So, in short, the fancy new module struct for the thinning module could look like this:
static struct PyModuleDef moduledef = {
PyModuleDef_HEAD_INIT,
"thinning",
"Thinning of segmented images. See https://bitbucket.org/adrian_n/thinning",
-1,
thinningMethods,
NULL,
NULL,
NULL,
NULL
};
aaand that's it for the first issue!
B) New initialization function i.e you'll need to give initthinning a major face-lift.
The new module initialization function returns a PyObject * and is now named PyInit_<module_name>. In it (heh, get it?) new modules are created with PyModule_Create(&moduledef) which takes the struct we defined and returns the initialized module. It's prettier now and looks like this:
/* ==== Initialize the C_test functions ====================== */
PyObject *
PyInit_thinning(void){
// create module
PyObject *module = PyModule_Create(&moduledef);
// handle probable error
if (module == NULL)
return NULL;
PyModule_AddStringConstant(module, "__author__", "Adrian Neumann <adrian_neumann#gmx.de>");
PyModule_AddStringConstant(module, "__version__", "1.2.3");
import_array(); // Must be present for NumPy. Called first after above line.

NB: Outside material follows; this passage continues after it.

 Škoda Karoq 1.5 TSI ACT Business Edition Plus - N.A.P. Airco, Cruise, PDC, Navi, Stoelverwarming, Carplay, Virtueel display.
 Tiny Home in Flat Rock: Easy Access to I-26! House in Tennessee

// return newly created module
return module;
}
Installing the module:
All this is for the initialization of the module. You can download the module (as you have done, I believe) find the thinning_folder/src/c_thinning.c file and replace everything prior to:
/* ==== Guo Hall Thinning =========
with the following:
#define NPY_NO_DEPRECATED_API NPY_1_7_API_VERSION
#include "Python.h"
#include "arrayobject.h"
#include <stdlib.h>
#include <assert.h>
#include <stdbool.h>
#include <limits.h>
static PyObject *guo_hall_thinning(PyObject *self, PyObject *args);
int _guo_hall_thinning(unsigned char* binary_image, int width, int height);
/* ==== Set up the methods table ====================== */
static PyMethodDef thinningMethods[] = {
{"guo_hall_thinning",guo_hall_thinning, METH_VARARGS,
"Takes a 2D numpy UBYTE array in C-order and thins it in place using the algorithm by Guo and Hall."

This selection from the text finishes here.